Experts are more likely to recognise that other people will disagree with them. Novices betray themselves by being unable to fathom any position other than their own

Palley and Soll’s technique helps to make sense of the results from the Sanders experiment that Aguirre and I did. We found that respondents systematically overestimated the group’s average assessment of Sanders’s chances of getting the nomination. As in the above Times-Economist example, there was a mismatch between what the group believed to be true (on average) and what the group believed the rest of the people would say, a discrepancy that suggested a shared-information bias. Evidently, most people were basing their answers on widely disseminated information, whereas a diligent minority drew on more diverse sources that made them more dubious about Sanders’s prospects. We observed a similar pattern in a second poll we did on Brexit.

Encouraged by these results, Prelec, Soll and the other researchers hope to incorporate metaknowledge into political and economic forecasts of all sorts, drawing on crowd wisdom that in the past was often too biased to be meaningful. To take advantage of these principles yourself, you don’t have to do a formal survey; just pay attention to the metaknowledge exhibited by people around you. Experts are more likely to recognise that other people will disagree with them, and they should be able to represent other points of view even if they don’t agree. Novices betray themselves by being unable to fathom any position other than their own. Likewise, you can monitor your own metaknowledge by noting when you find that more people hold a certain belief than you expected. ‘If you find yourself surprised by how many people disagree with you, relative to your committed prior predictions of disagreement, that’s an indication that you are a novice in the domain,’ Prelec says. That doesn’t automatically make you wrong, but does suggest you should take another look at your beliefs.

Using metaknowledge as a bullshit detector also offers guidance on controversial issues such as climate change. In my experience, people who doubt climate change and its human causes tend to be extremely sure of themselves (even though one of their critiques is that the climate system is too complex to model accurately). Mainstream climate scientists, on the other hand, acknowledge that they might be wrong by placing error bars around their best guesses. For example, in a survey in the mid-1990s, 16 climate scientists offered estimates of the temperature rise for a given level of carbon dioxide. Fifteen of them gave fairly wide error bars that reflected the uncertainties of their science. One researcher stood apart, giving an estimate with hardly any error bar at all, indicating near-absolute certainty. That person was later identified as one of the most outspoken climate skeptics.

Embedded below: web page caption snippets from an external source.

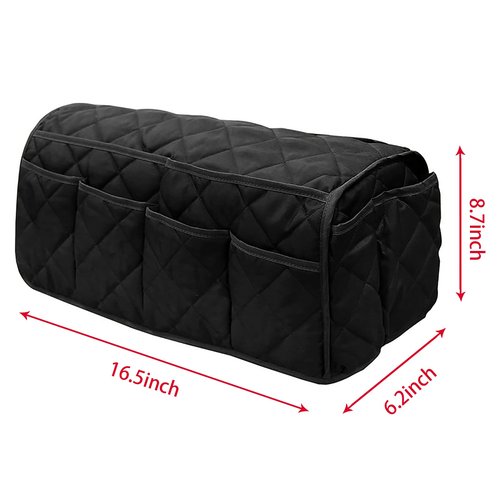 2 in 1 Waterproof Armrest Covers Sofa Arm Organizer with 14 Pockets for Tablet Magazines TV Remote Holder, Anti-Slip Recliner Couch Armchair Slipcover Furniture Sofa Arm Protector Storage Caddy Pouch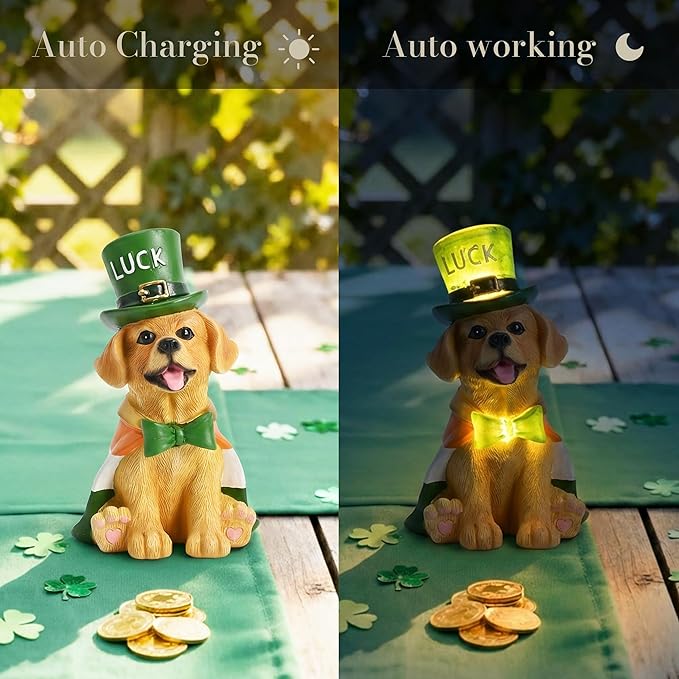 TERESA'S COLLECTIONS Saint Patrick's Day Decor, Dog Statue with Irish Costume and Solar Light, Waterproof Resin Garden Decor, Saint Patrick's Day Decor Gift for Party 8 Inch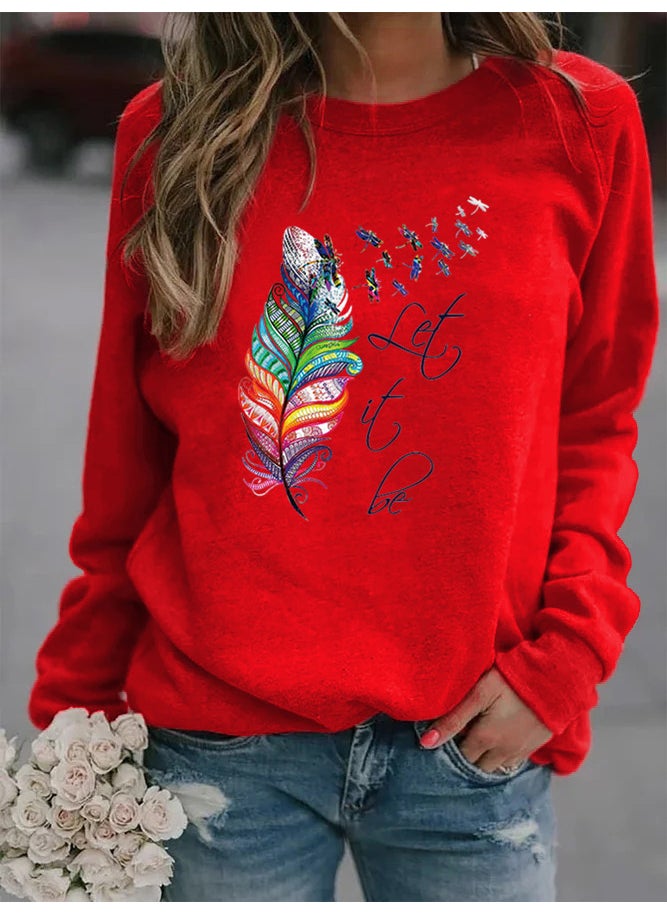 Generic - Womens Animal Print Round Neck Sweatshirt Red without cap - Image 1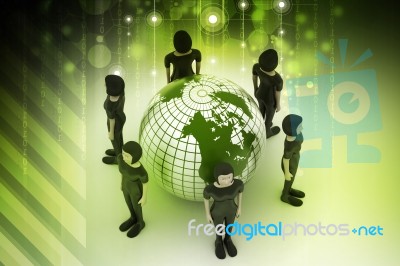 People Around A Globe Representing Social Networking Stock Image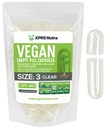 XPRS Nutra Boyutu 3 Boş Kapsüller - 100 Kont Clear Boş Vegan Capsules - Vejetaryen Pills - DIY - Veggie Pill Caps -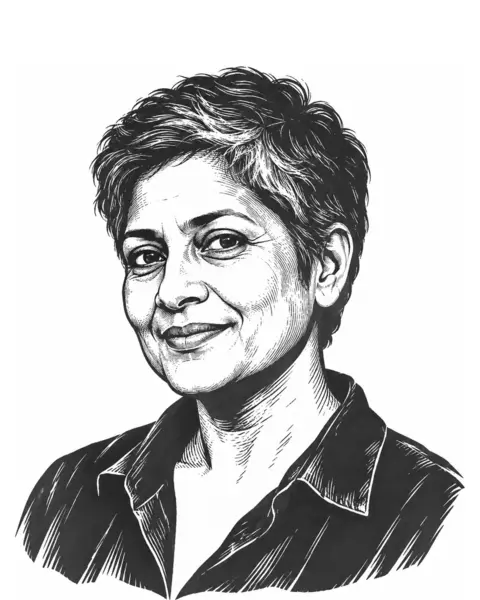Drawn portrait of a South Asian woman in her fifties with short hair, in a collared shirt.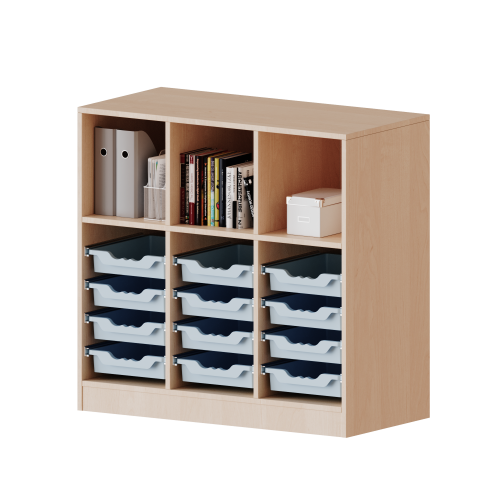 ErgoTray Regal, dreireihig, 2,5 Ordnerhöhen - evo180 Serie B/H/T: 104,5x100x40 cm, fahrbar, oben 3 Fächer, unten 12 flache ErgoTray Boxen
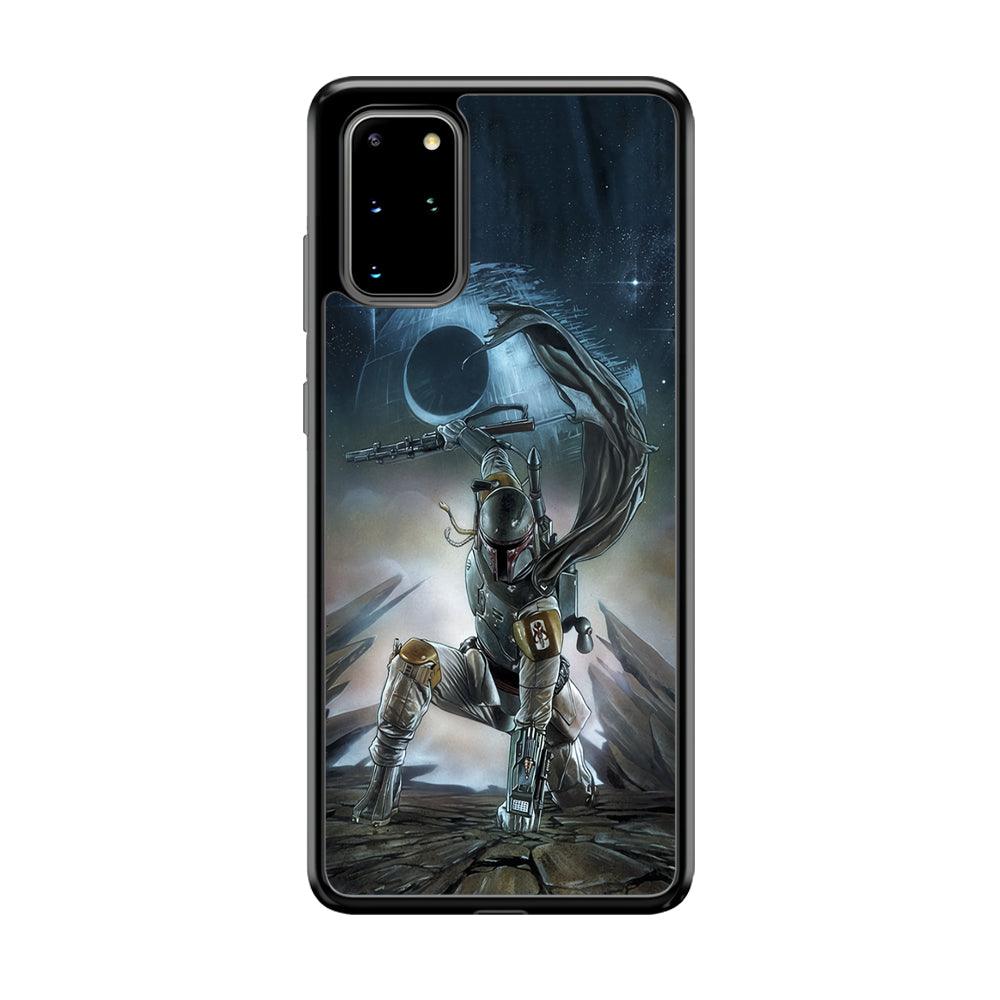 Star Wars Fett in Action Samsung Galaxy S20 Plus Case-Rubber Black (2D Case)-Oxvistore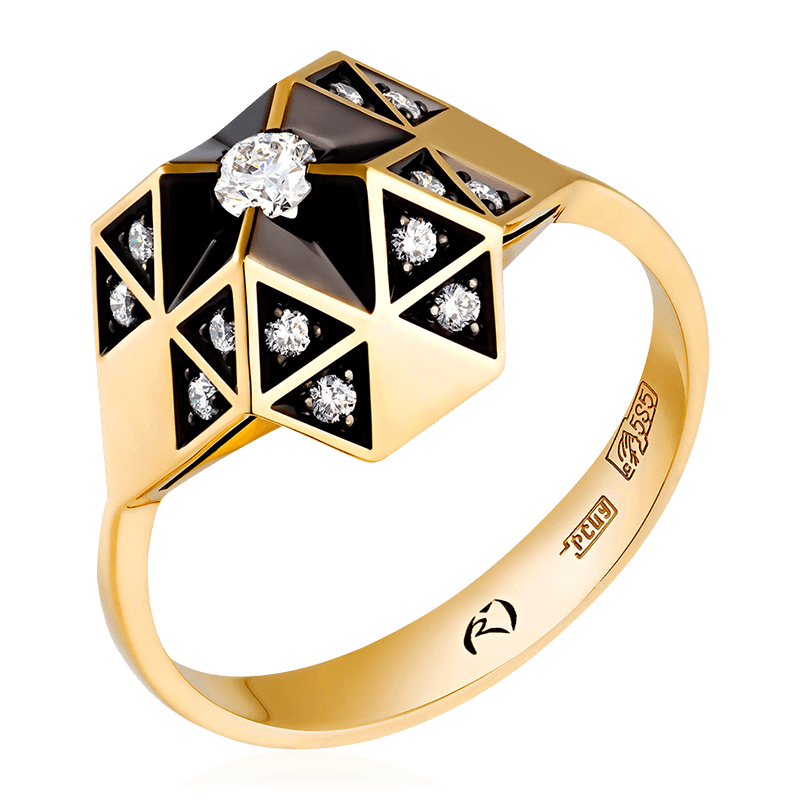 Кольцо с бриллиантами из желтого золота 585 (арт. 50393)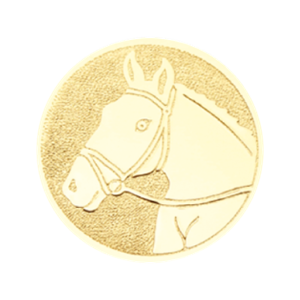 E6 Emblemat 50mm koń głowa zloto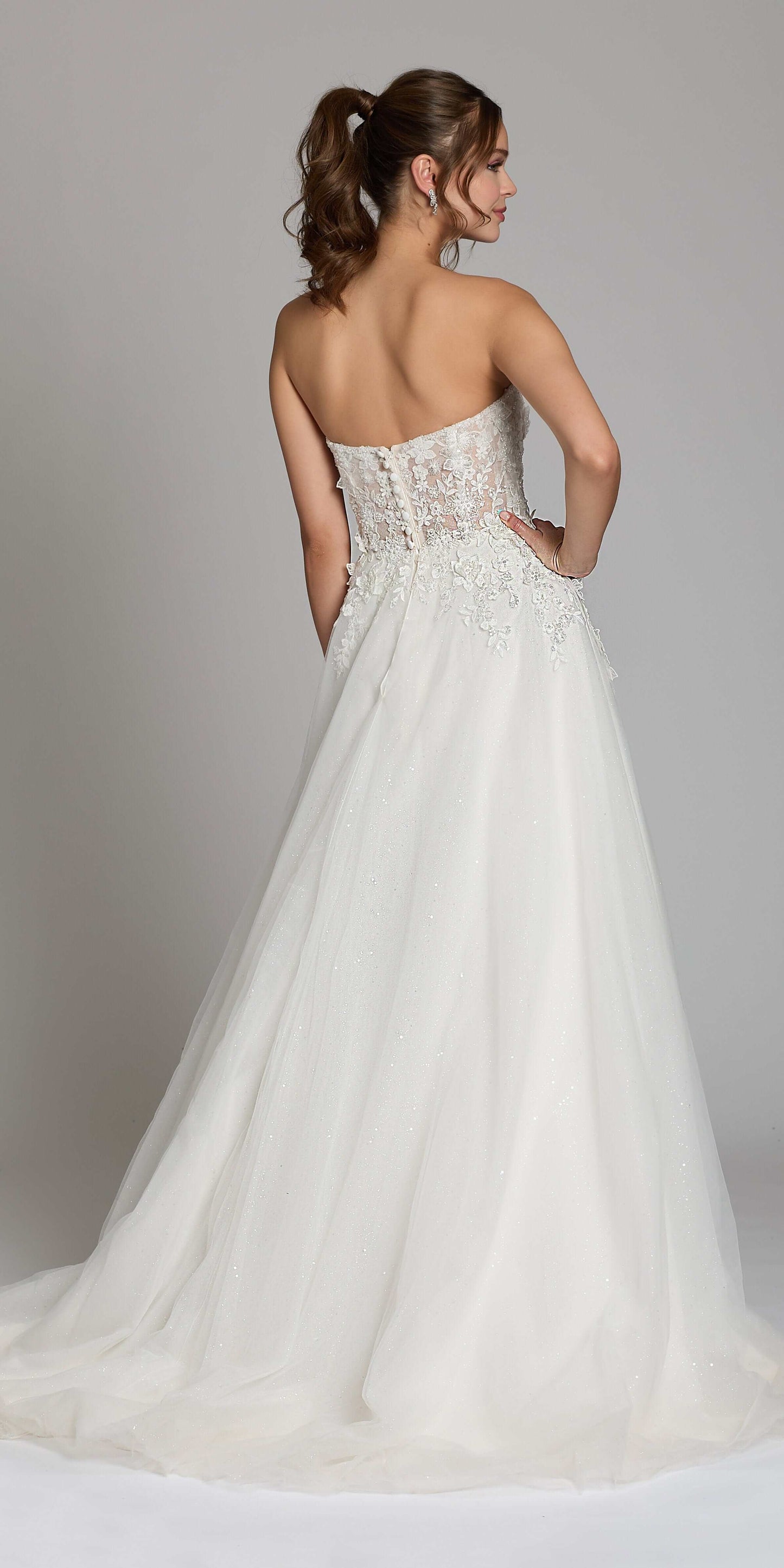 Tulle A Line Dress with 3D Embellished Appliques - Camille La Vie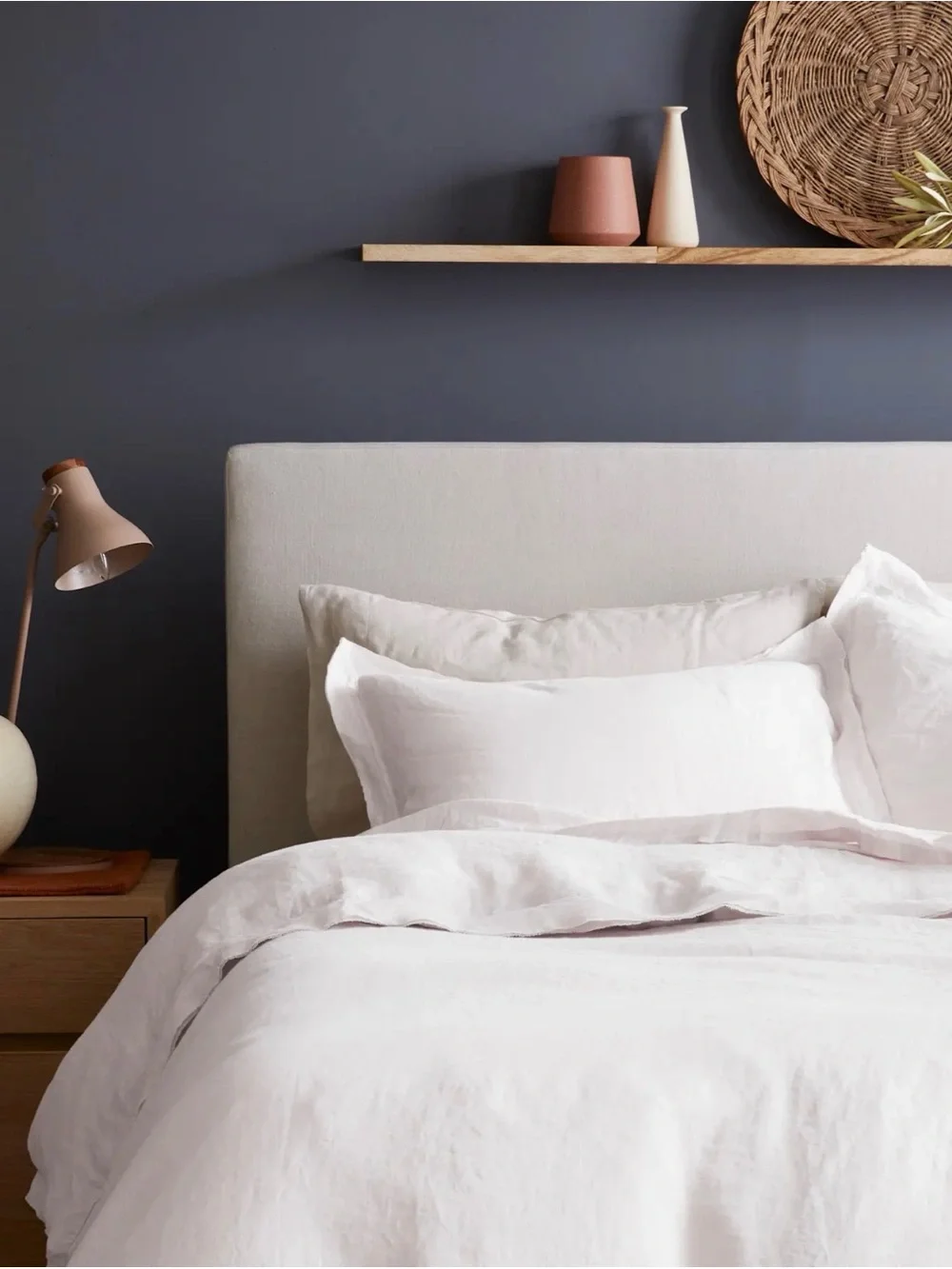 European Linen Standard Double Flange Sham Set in White - Retail $50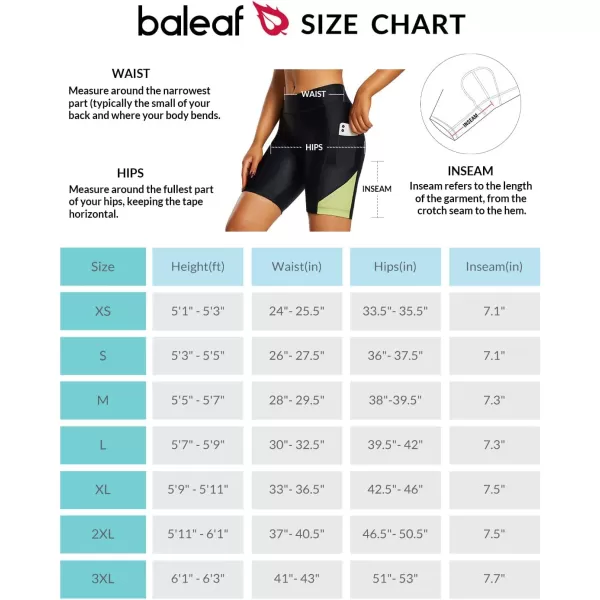 BALEAF Womens 4D Padded Bike Shorts Cycling Underwear with Pockets UPF50Greenairide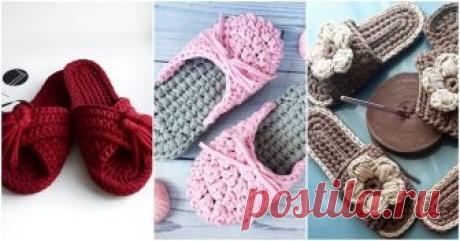 Уютные вязаные тапочки для дома: вяжем за один вечер ...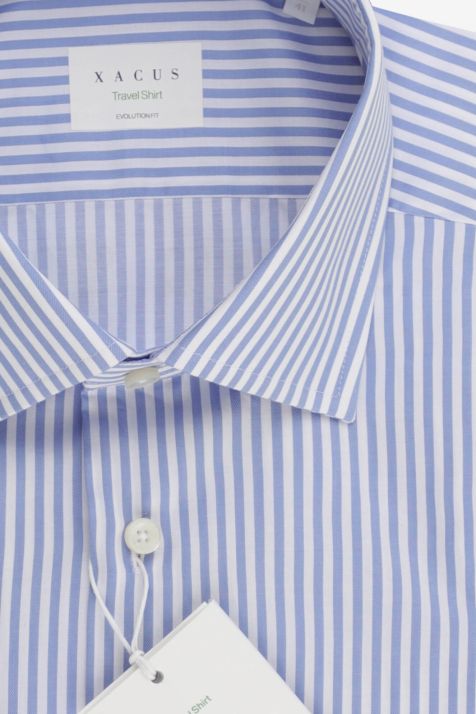 Camicia Uomo Xacus Regular No Stiro Righe 100% cotone collo Francese Manica lunga
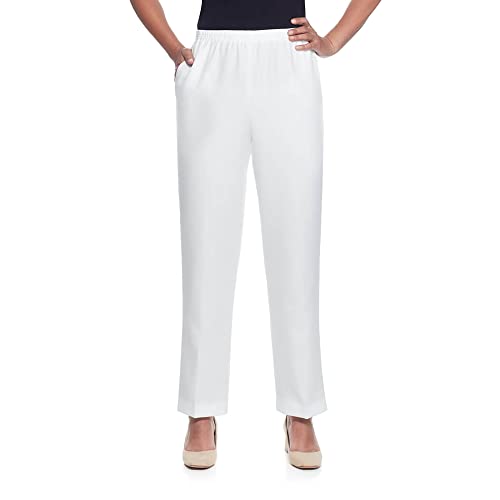 Alfred Dunner Women's Around Elastic Waist Polyester Short Pull-On Style Pants, White, 18 Petite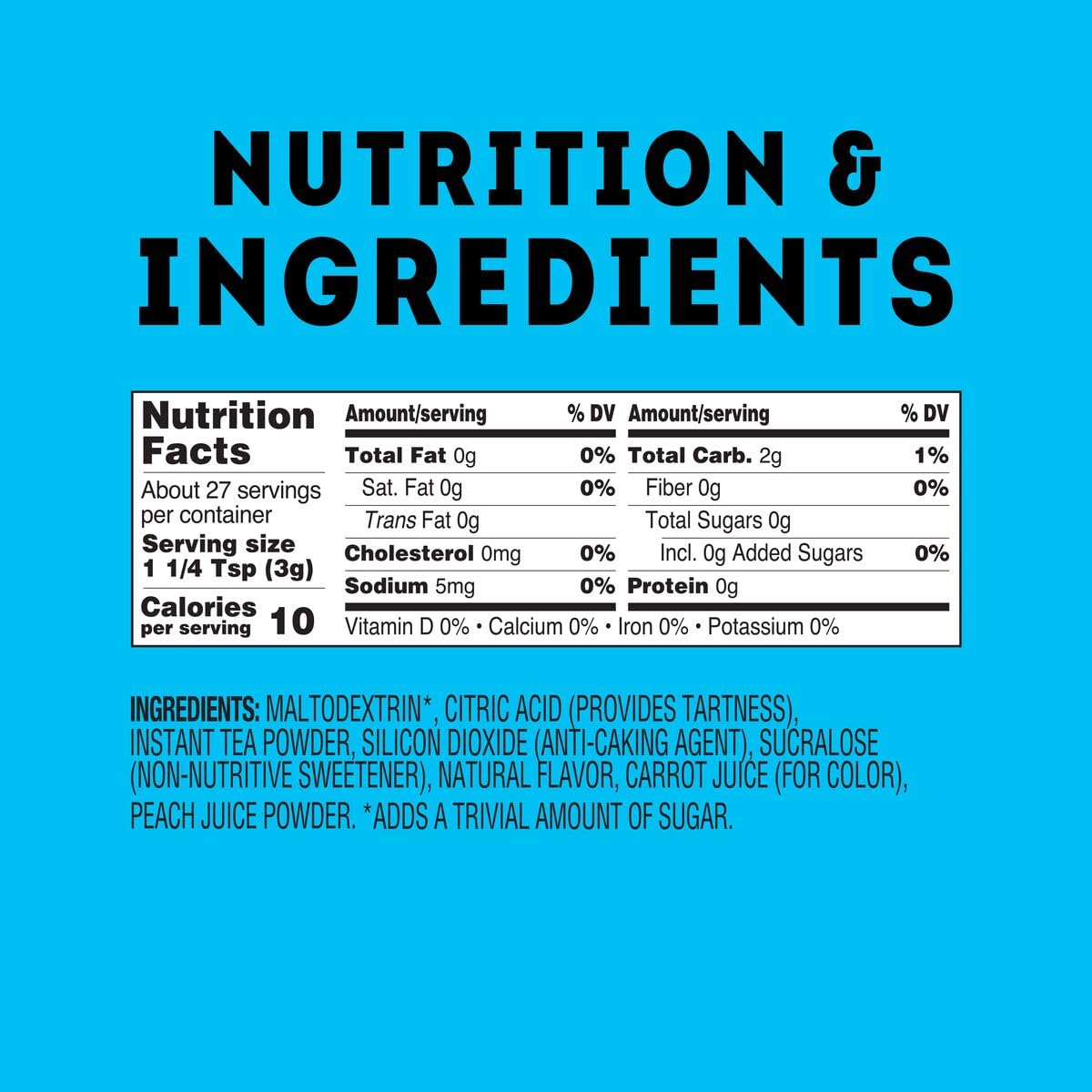 quick-mix ratios: 1.25 tsp per 12 fl oz or 2.5 tbsp per quart of cold water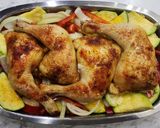 Foto del paso 2 de la receta: 🍗Pollo al horno con zapallitos, cebolla y morrón 🍗 Cocción diferida 🍗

If you happen to be a climate skeptic yourself, you were probably irritated by the last paragraph. Now stop and ask yourself, what makes you so sure about your point of view? If you do think the climate is warming as a result of human activity, don’t get smug, either. You, too, should pause and reflect on the source of your certainty – are you really any more knowledgable about the science than a skeptic is? Put another way, what is the state of your metaknowledge? We’d all be better off if the phrase ‘I’m confident that’ were banned from public discourse and we listened more to those who openly recognised the limits of their own knowledge.

Good metaknowledge is precious. It requires not only that you know a subject but also that you know yourself. And self-knowledge is the most difficult knowledge of all.